Spike: How do we sync the backend with a source of advisories and affected versions?

Time-boxed: 3 days

Topic to Evaluate

As part Dependency Scanning: CVS Trigger scans on Advis... (&9534 - closed), we need to evaluate the feasibility of a sync protocol the backend who use to get security advisories from an external service. The sync protocol must support the following scenarios:

Import advisories with sets of affected versions.
Import changes in the description of an advisory.
Import changes in the affected versions for existing security advisories.
- New versions are available, and they are affected.
- Versions that have already been exported become affected.
- Versions that have already been exported are no longer affected.

(When importing changes in the affected versions, the backend respond by adding or removing vulnerabilities to the projects referencing these versions.)

Problem discussion

The need for defining a sync protocol comes from the fact that package registries constantly add data and the producer external license database needs to transfer the data to the GitLab monolith each time.

Transferring the full dataset each time would still be a problem even if transfer-time or resource-usage was not an issue. Under the current (v1) protocol scheme an initial sync (full dataset) has been observed to take on the order of hours and has a large impact on database usage with the current ingestion (upsert) scheme.

The current v1 version of the package metadata sync (spike) sync between monolith package metadata ... (#379137 - closed) represents changes to the dataset as deltas from the last time the producer has exported the data. The consumer just needs to resume from its last sync checkpoint to get the changes.

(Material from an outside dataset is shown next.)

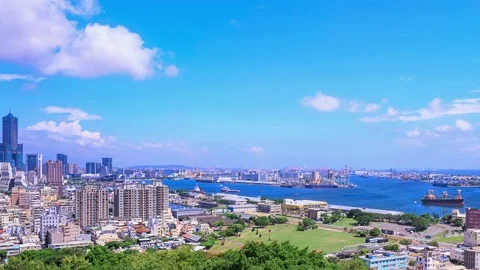 Panoramic View of Kaohsiung City and Harbor under Blue Sky Stock-Footage 205014553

The problem with v1 is that it is currently only able to capture data being added. If data is updated or removed, there is no way to represent this.

Proposal

A couple of options are viable as an MVC:

extend the csv deltas format to incorporate data changes
change the protocol to represent the complete dataset in a (file/tree) structured way and represent changes via a separate change manifest

Both options will have to add a new type and an update to the path seems most convenient where the current license dataset would go under <version>/<purl_type>/licenses/<sequence>/<chunk> and the new data set (affected versions) would go under <version>/<purl_type>/advisories/<sequence>/<chunk>.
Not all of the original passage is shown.